Netgate Discussion Forum
    • Categories
    • Recent
    • Tags
    • Popular
    • Users
    • Search
    • Register
    • Login

    Unexpected alias behaviour - two ranges / size limits with FQDN

    Scheduled Pinned Locked Moved General pfSense Questions
    82 Posts 4 Posters 1.1k Views 4 Watching
    Loading More Posts
    • Oldest to Newest
    • Newest to Oldest
    • Most Votes
    Reply
    • Reply as topic
    Log in to reply
    This topic has been deleted. Only users with topic management privileges can see it.
    • P Online
      Patch @Patch
      last edited by Patch

      Updated above post to investigate if using explicit IP addresses vs FQDN records matters
      Updated title to more accurately describe root cause evident in hind sight

      1 Reply Last reply Reply Quote 0
      • tinfoilmattT Offline
        tinfoilmatt @Patch
        last edited by

        @Patch said in Unexpected alias behaviour - two ranges / size limits with FQDN:

        Easy bug trigger
        [ . . . ]
        The easiest way of triggering the bug is entering the following 1024 consecutive element alias -> 473 element are shown in the corresponding alias table.
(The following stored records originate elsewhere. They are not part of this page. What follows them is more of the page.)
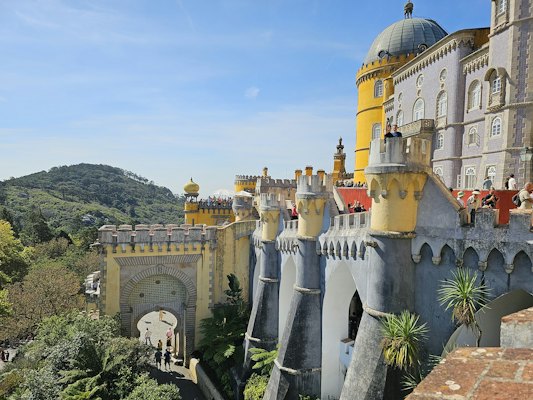 A castle like building with a yellow roof — Sintra, Portugal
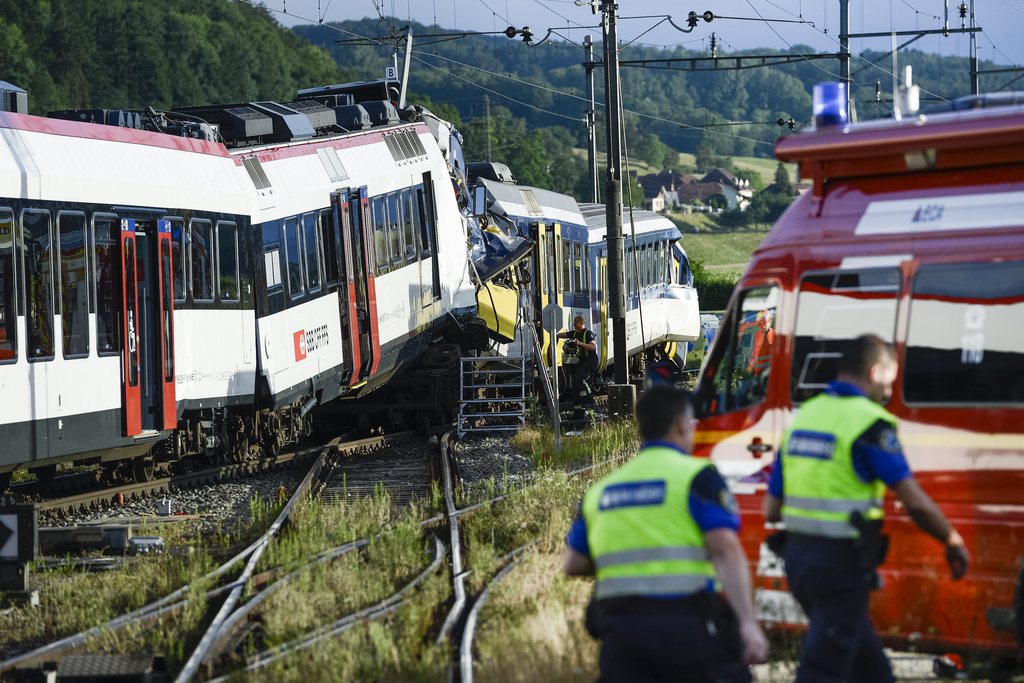 Des policiers et des pompiers travaillent sur le lieu de l'accident entre deux trains ce lundi 29 juillet 2013 a Granges-pres-Marnand dans le canton de Vaud. Une collision frontale entre deux trains s'est produite lundi en fin de journee sur la ligne Palezieux-Payerne. Plusieurs personnes sont blessees. (KEYSTONE/Laurent Gillieron)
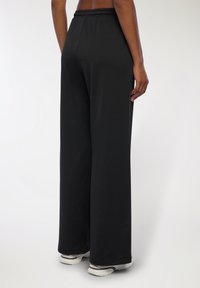 Czarne, szerokie spodnie sportowe o miękkiej fakturze, z elastycznym pasem w talii, zestawione z białymi butami sportowymi. Skoncentrowane na komforcie i swobodzie ruchów.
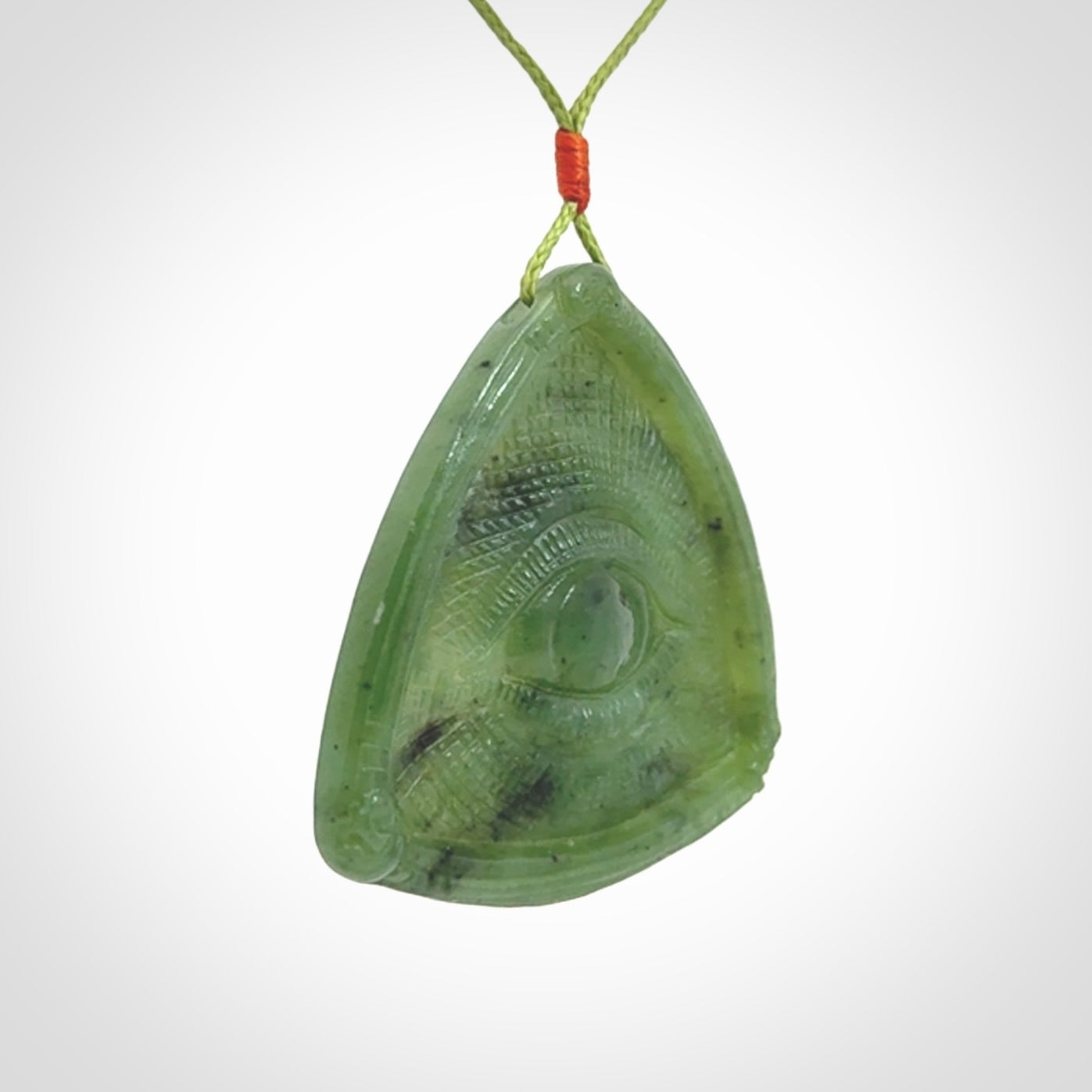 Hand carved contemporary jade third eye pendant. Authentic jade jewellery for sale online. Third eye Jade necklace with adjustable cord.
        I can confirm this behavior.

        ecd46d8a-5569-45ac-b89e-a0000e4d2888-image.png

        9be71e3c-e06f-41ec-b9f3-686cab04606d-image.png

        1447f1d9-3d22-4501-8f9e-e5ff333dd837-image.png

        1 Reply Last reply Reply Quote 0
        • tinfoilmattT Offline
          tinfoilmatt
          last edited by

          I am holding here despite the...

          Aliases become Tables when loaded into the active firewall ruleset. The contents displayed on this page reflect the current addresses inside tables used by the firewall.

          ...advisory.

          Please let me know if there's something I can/should do next that would further assist the thread.

          1 Reply Last reply Reply Quote 0
          • tinfoilmattT Offline
            tinfoilmatt
            last edited by

            The 473 records are sequential from 123.123.120.0 through 123.123.121.216.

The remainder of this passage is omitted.